The bacterium Escherichia coli, among others, moves by spinning whiplike filaments called flagella like tiny propellers. The typical flagellum is rotated up to several hundred times per second by what is basically an organic electric motor. We know it spins (rather than, say, twisting back and forth like a washing machine agitator) because researchers glued down an E. coli flagellum and the critter's body spun around like an eggbeater.
Emphasis, as they say, mine. Snickering all the while and fighting over who got to look through the microscope next, I'll bet. These were the same guys who put a light coating of SuperDuperGlue on the desktops in High School classrooms just in time for the next class to "experience the feeling." Oh, yeah.
5 comments:
Had one of those "experiences" have we?
Cecil Adams is a friend of mine... sort of. And an entropy warrior in his own right.

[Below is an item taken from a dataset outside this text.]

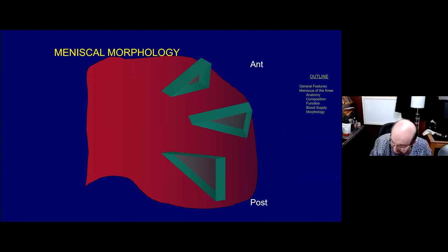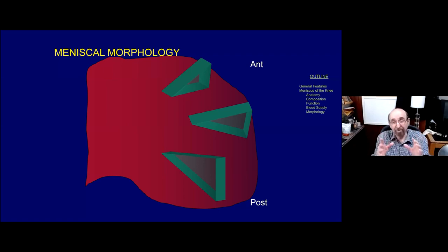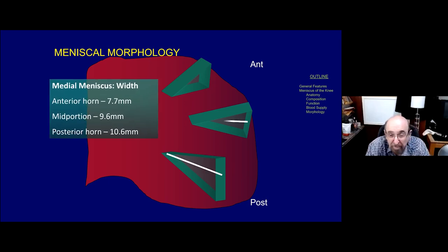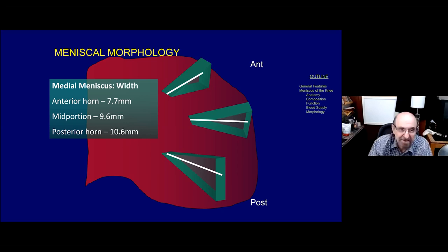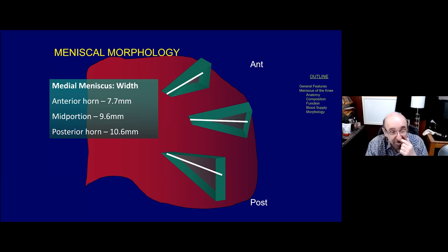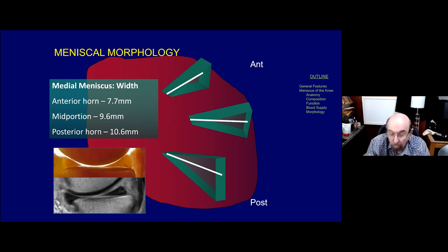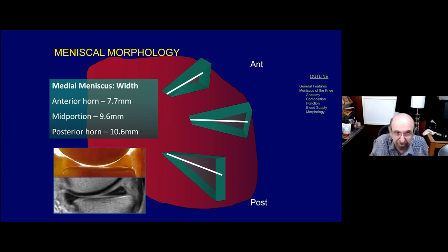To understand tears, you have to understand normal meniscal morphology. Looking at three parts of the medial meniscus - posterior horn, body, and anterior horn - what you need to know is its width. The widest part of the medial meniscus is the posterior horn; the mid-portion can be very narrow. A quick way to survey the integrity of the medial meniscus on sagittal images is to compare the width of the posterior horn to the anterior horn - the posterior horn should be wider. If it is not, there's a problem.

Don't do it! Don't watch Heat! It's boring as hell.
If Tam insists, have her fast forward to the gunfight - you won't miss much.
Heat? Hmmm, Val Kilmer.
Do it.
You must.
So, um, how could a stylin' one-celled organism with a beanie make anyone sick? I don't believe it. That defies the code of style and principle in my own personal universe. That would be like Pee Wee Herman getting caught masturbating in a (semi) public place, yeah? Impossible!
I'm with anon- I still don't know how Heat ended, because I fell asleep. It was not that late and I was not that drunk. It was that boring.
And yes, it was probably exactly like that. Biologists, especially those cooped up in labs, have to make their own fun.